> [Dataset content]:
· · · ·

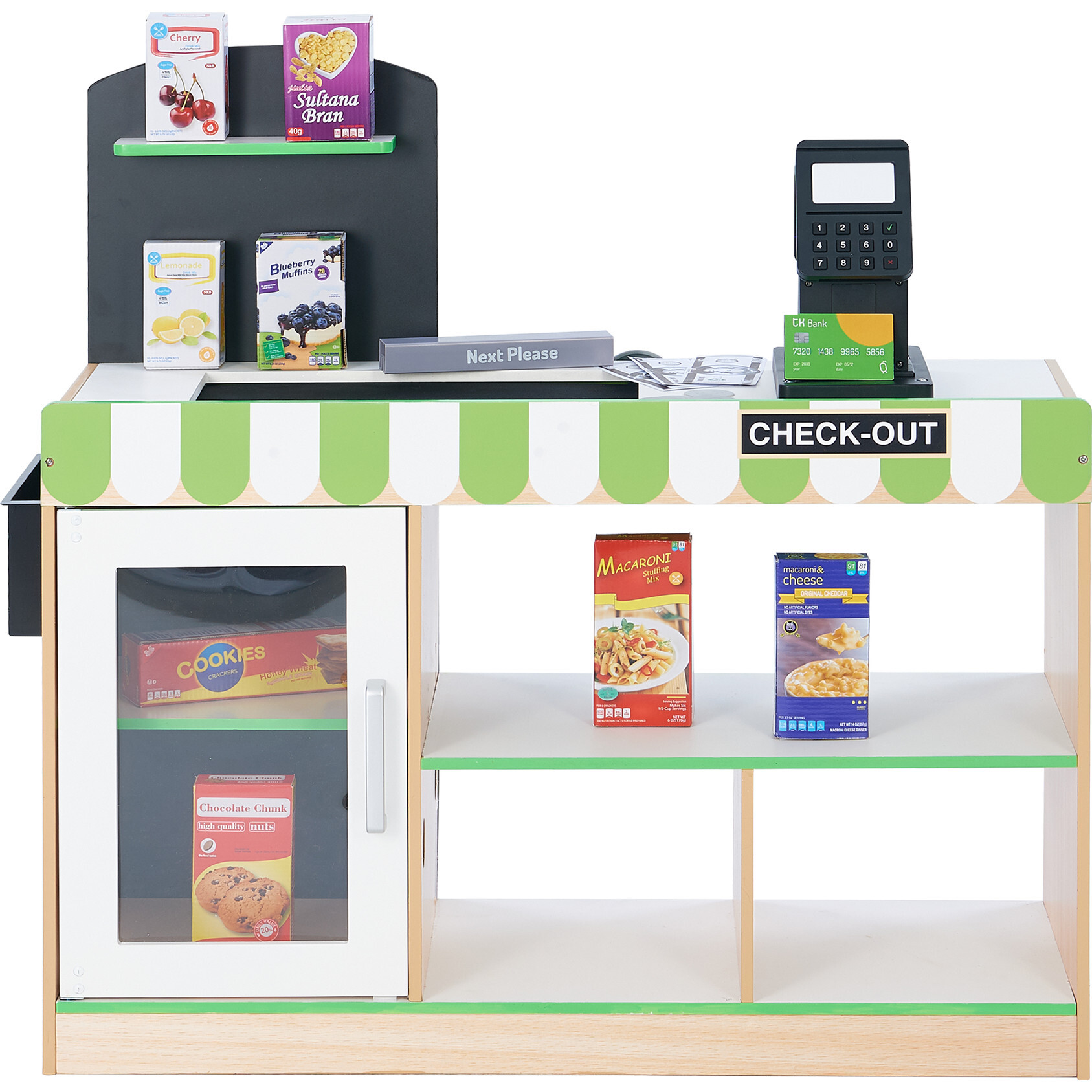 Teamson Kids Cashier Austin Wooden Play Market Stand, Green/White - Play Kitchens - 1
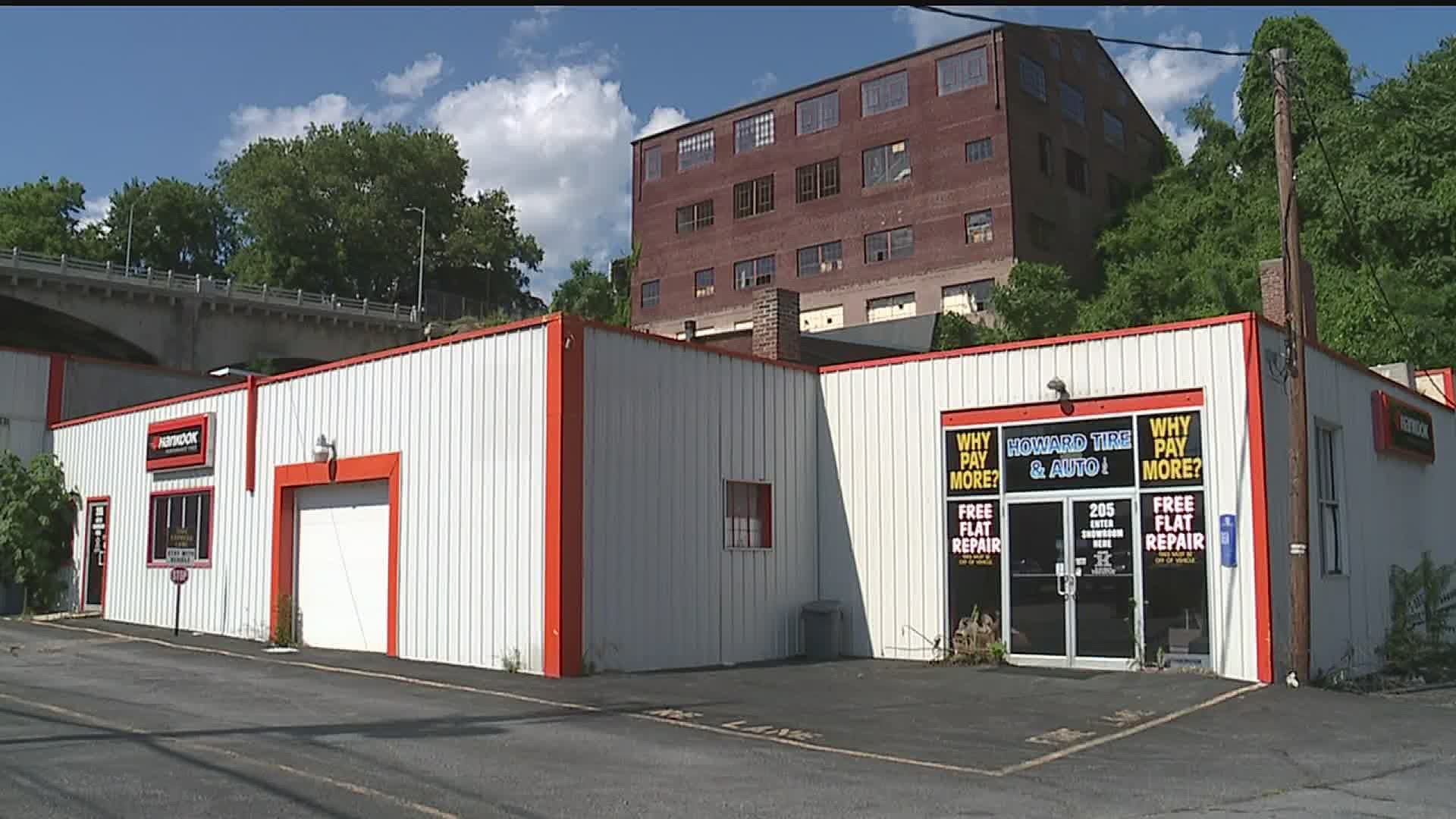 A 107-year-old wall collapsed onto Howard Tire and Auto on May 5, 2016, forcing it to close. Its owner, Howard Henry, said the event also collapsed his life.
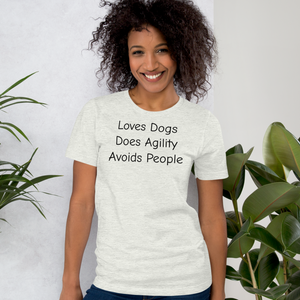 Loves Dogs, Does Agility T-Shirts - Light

· · · ·

> [About this exercise]:
The expected output is exactly the lines from the one containing "A 107-year-old wall" through the last line of the listing, both included, with every picture left out.

> [Exercise output]:
 A 107-year-old wall collapsed onto Howard Tire and Auto on May 5, 2016, forcing it to close. Its owner, Howard Henry, said the event also collapsed his life.
 Loves Dogs, Does Agility T-Shirts - Light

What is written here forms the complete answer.